## Input

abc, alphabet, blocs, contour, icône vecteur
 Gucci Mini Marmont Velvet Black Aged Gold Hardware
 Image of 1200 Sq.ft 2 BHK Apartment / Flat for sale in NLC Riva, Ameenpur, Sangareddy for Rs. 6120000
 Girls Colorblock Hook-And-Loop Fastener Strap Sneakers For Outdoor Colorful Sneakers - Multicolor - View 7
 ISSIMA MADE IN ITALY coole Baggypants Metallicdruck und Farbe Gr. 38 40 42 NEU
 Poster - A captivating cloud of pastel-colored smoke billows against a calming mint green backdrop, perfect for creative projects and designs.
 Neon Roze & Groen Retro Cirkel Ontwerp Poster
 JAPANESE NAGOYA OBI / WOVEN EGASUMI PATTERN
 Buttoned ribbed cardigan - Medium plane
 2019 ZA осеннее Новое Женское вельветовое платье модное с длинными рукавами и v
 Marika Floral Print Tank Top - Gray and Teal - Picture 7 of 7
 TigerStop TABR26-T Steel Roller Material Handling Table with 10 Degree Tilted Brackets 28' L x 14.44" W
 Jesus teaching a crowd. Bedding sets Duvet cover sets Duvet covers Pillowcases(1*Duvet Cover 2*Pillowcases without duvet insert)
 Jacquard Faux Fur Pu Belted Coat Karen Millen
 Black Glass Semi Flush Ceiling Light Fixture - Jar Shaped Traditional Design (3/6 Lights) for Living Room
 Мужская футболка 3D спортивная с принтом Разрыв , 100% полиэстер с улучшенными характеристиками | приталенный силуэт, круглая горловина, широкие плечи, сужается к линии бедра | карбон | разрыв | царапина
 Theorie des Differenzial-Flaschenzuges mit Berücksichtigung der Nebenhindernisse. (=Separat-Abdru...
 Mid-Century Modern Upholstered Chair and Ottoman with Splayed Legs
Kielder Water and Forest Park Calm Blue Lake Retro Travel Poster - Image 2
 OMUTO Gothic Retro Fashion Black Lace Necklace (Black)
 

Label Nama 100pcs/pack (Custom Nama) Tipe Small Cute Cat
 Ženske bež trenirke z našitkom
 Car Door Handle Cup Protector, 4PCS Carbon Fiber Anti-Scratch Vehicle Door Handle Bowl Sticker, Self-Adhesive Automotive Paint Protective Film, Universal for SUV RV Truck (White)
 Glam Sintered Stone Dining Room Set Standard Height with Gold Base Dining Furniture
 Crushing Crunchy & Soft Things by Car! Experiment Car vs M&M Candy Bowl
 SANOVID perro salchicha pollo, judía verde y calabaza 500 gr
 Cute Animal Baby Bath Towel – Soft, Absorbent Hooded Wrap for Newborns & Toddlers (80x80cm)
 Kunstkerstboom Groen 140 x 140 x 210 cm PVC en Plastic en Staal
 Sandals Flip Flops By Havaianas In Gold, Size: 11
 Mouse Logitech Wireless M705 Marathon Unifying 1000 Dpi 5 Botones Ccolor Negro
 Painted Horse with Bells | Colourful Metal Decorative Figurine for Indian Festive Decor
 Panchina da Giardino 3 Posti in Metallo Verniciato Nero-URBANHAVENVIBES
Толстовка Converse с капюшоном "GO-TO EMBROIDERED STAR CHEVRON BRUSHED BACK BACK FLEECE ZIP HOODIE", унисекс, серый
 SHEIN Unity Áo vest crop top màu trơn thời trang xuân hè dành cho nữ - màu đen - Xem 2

## What is expected
The lines above, from the start of the records through the one containing "Buttoned ribbed cardigan - Medium plane", are to be printed exactly, and nothing else is to be included.

## Task response
abc, alphabet, blocs, contour, icône vecteur
 Gucci Mini Marmont Velvet Black Aged Gold Hardware
 Image of 1200 Sq.ft 2 BHK Apartment / Flat for sale in NLC Riva, Ameenpur, Sangareddy for Rs. 6120000
 Girls Colorblock Hook-And-Loop Fastener Strap Sneakers For Outdoor Colorful Sneakers - Multicolor - View 7
 ISSIMA MADE IN ITALY coole Baggypants Metallicdruck und Farbe Gr. 38 40 42 NEU
 Poster - A captivating cloud of pastel-colored smoke billows against a calming mint green backdrop, perfect for creative projects and designs.
 Neon Roze & Groen Retro Cirkel Ontwerp Poster
 JAPANESE NAGOYA OBI / WOVEN EGASUMI PATTERN
 Buttoned ribbed cardigan - Medium plane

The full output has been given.